Les personnes noires au Canada sont d’ascendances multiethniques, mais ont en commun l’histoire du colonialisme, de l’esclavage et de la discrimination. Je suis né au Canada parce que ma mère y est arrivée enfant comme réfugiée de l’apartheid en Afrique du Sud dans les années 1970. J’ai hérité du nom de famille Simpson de mon père des suites du colonialisme britannique au Ghana. Nos expériences et celles de nos aînés nous forgent. Les Canadiennes et Canadiens noirs font face à de nombreuses inégalités qui peuvent avoir des répercussions néfastes sur leur santé1 et les usagers racisés des établissements de santé vivent la discrimination liée à la race et à l’ethnicité comme un défi majeur lorsqu’ils ont affaire au système de santé au Canada2.

Ce jour-là, je crois bien avoir rencontré un patient traumatisé et non un patient difficile. Peut-être que la vue de mon visage a été pour lui comme un phare dans la tempête.

« Où est le médecin noir!? »

Je me suis posé la même question en prenant place dans la salle de conférence où tous les résidents de première année de toutes les spécialités chirurgicales se réunissent chaque semaine et où je me suis retrouvé la seule personne noire.

Un Philippin, préposé à l’entretien ménager, avec qui je parle souvent entre les cas au bloc opératoire, est venu vers moi un jour.

« Je travaille ici depuis 30 ans et vous êtes le troisième », a-t-il déclaré.

« Résident noir? », ai-je demandé.

« Noir tout court… chirurgien, interne, résident. Il y a quelques années, il y en a eu 1 de la Jamaïque et avant, il y en a eu 1 du Botswana. Vous êtes le premier Canadien noir que je vois. Je suis vraiment content que vous soyez ici. »
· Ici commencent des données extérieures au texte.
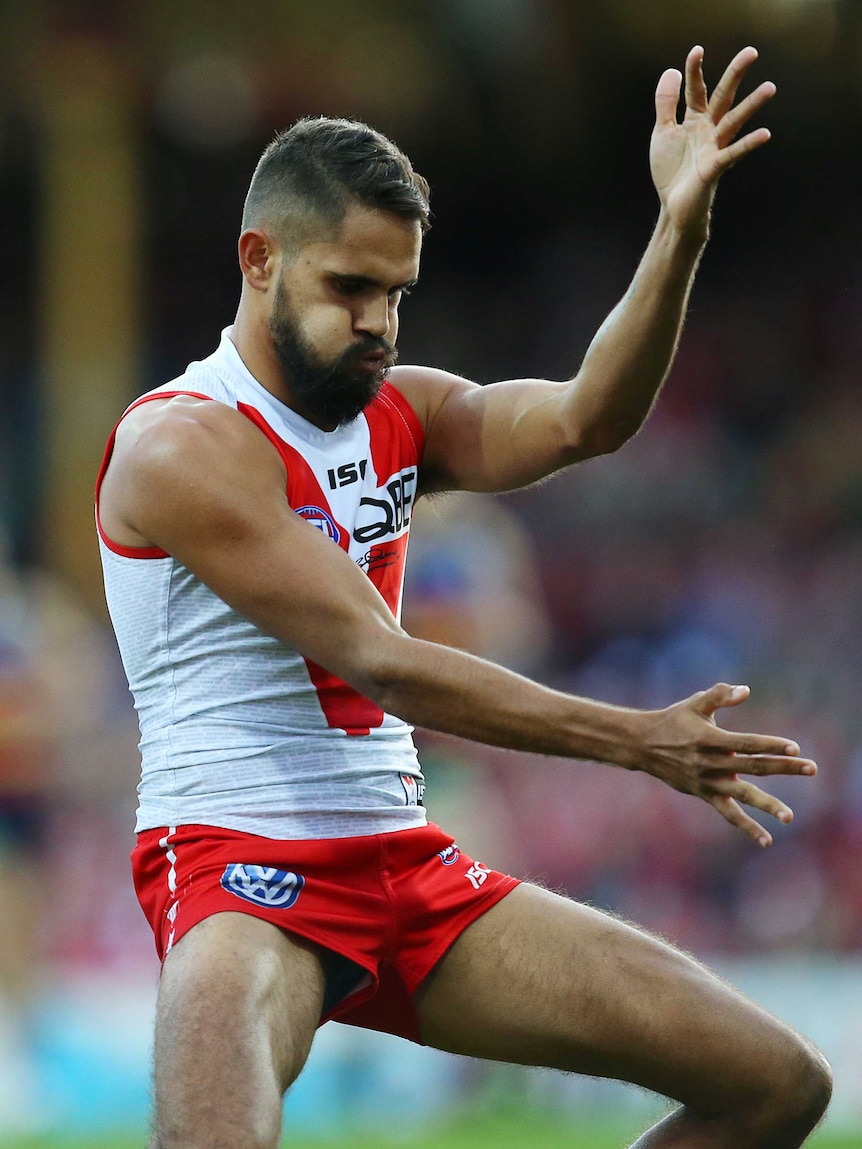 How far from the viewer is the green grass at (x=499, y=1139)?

On me félicite quand je circule à l’hôpital. Le personnel infirmier noir (qui est nombreux au centre-ville de Toronto et qui a une riche histoire dans notre pays)3 me sourit. Le personnel noir de l’hôpital me donne de la force d’un signe de la tête, d’un salut de la main ou d’un sourire pour composer avec cet espace que nous avons très peu occupé au fil des ans.

« Où est le médecin noir!? »

Je suis heureux d’avoir été là pour cet homme et son volvulus du sigmoïde ce jour-là. Que serait-il arrivé si la personne avait plutôt eu une fracture de la hanche, une crise cardiaque ou une complication obstétricale? Ce patient s’est exprimé ce jour-là, mais combien gardent le silence? Combien de patients qui « refusent le traitement » ou « quittent contre l’avis du médecin » se posent secrètement cette question en fuyant ce système de santé où ils ne se reconnaissent pas? Comment cette exclusion affecte-t-elle leur santé et en retour leur perception de l’efficacité du système ou le cycle des disparités tourne en rond perpétuellement? C’est ce que je me suis demandé.
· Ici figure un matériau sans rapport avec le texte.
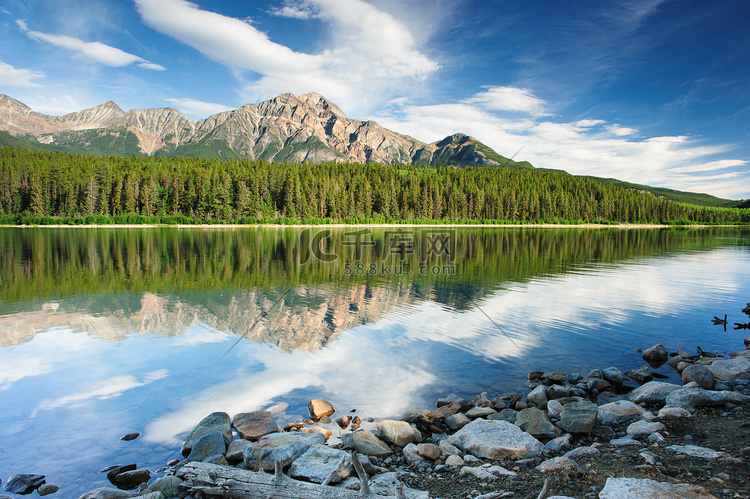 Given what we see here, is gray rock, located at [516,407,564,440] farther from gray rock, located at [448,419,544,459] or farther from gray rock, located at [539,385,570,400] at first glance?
gray rock, located at [539,385,570,400]

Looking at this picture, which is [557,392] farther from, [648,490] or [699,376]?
[648,490]

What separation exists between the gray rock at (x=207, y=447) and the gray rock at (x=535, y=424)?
5.23 meters

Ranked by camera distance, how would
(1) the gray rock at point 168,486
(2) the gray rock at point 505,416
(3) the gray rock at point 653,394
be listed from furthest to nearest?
(3) the gray rock at point 653,394 → (2) the gray rock at point 505,416 → (1) the gray rock at point 168,486

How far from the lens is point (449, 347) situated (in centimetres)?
1250

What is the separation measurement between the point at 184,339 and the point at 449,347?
8449 mm

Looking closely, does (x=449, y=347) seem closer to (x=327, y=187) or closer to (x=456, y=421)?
(x=456, y=421)

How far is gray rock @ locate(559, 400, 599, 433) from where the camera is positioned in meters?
7.11

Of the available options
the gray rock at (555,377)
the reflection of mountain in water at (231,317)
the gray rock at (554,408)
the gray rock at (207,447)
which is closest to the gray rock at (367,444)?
the gray rock at (207,447)

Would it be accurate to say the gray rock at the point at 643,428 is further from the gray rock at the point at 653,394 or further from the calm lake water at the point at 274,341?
the calm lake water at the point at 274,341

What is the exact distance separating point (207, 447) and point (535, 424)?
5651mm

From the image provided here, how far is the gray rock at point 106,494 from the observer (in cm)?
529

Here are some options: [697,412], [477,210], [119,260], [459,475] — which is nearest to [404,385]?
[459,475]

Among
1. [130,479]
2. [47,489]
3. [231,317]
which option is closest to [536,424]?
[130,479]

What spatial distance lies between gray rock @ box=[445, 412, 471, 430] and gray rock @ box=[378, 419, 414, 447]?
0.95 meters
Au cours de mes quelques années de résidence, j’ai constaté que les patients noirs qui consultent à l’hôpital ont une pathologie plus avancée que les autres patients non racisés. Ce n’est pas une expérience isolée4. En traumatologie, j’ai vu de jeunes hommes noirs surreprésentés parmi les victimes de violence par arme à feu ou autre. Mais je n’ai pas de statistiques. Comment peut-on dresser un tableau complet de la santé de la population canadienne en détournant le regard de certains de ses éléments? En tant que chercheurs, médecins, penseurs et praticiens, je crois que nous avons la responsabilité d’explorer ces éléments pour mieux comprendre la santé de notre société et améliorer les résultats chez nos patients.

La chirurgie est ce qu’il y a de plus effractif en médecine. Ce n’est ni une modification à l’hygiène de vie, ni un comprimé, ni une intervention que l’on fait en présence des proches. La chirurgie met l’humain en état de grande vulnérabilité. Créer un espace respectueux de la culture et favoriser l’inclusivité devraient faire partie de nos engagements à fournir des soins axés sur les patients.
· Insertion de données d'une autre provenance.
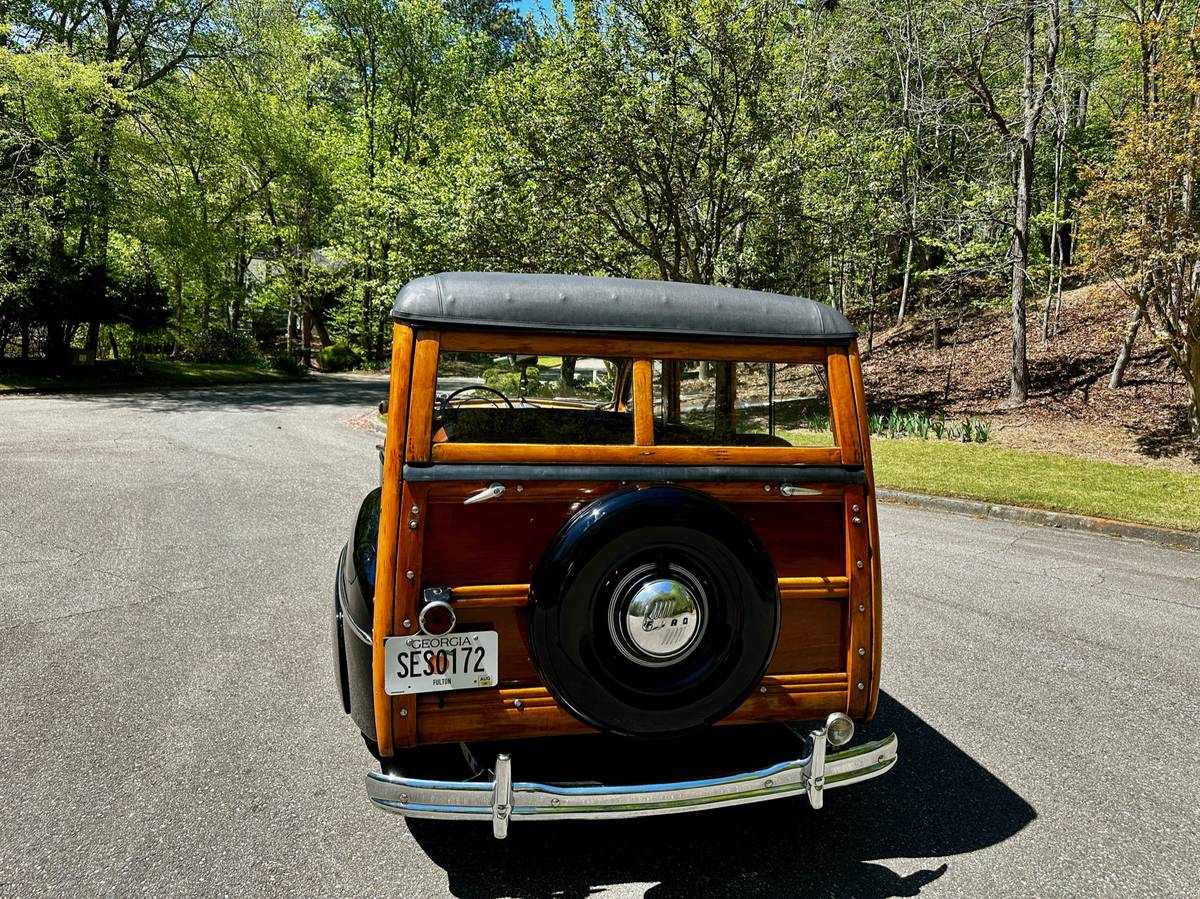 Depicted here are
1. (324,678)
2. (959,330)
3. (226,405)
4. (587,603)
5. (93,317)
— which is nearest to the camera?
(587,603)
« Où est le médecin noir!? » Je réponds : « Nous sommes ici! »

Remerciements

À la mémoire de M. Harry « GC White » Moffatt (29 janvier 1932–10 mars 2022). L’auteur remercie la famille Moffatt pour son soutien et sa contribution à cet article. Il remercie aussi sa mère Dolana Mogadime, sa grand-mère Goodie Mogadime (née Tshabalala), son frère Vuka Bondzi-Simpson et sa fiancée Cereise Ross.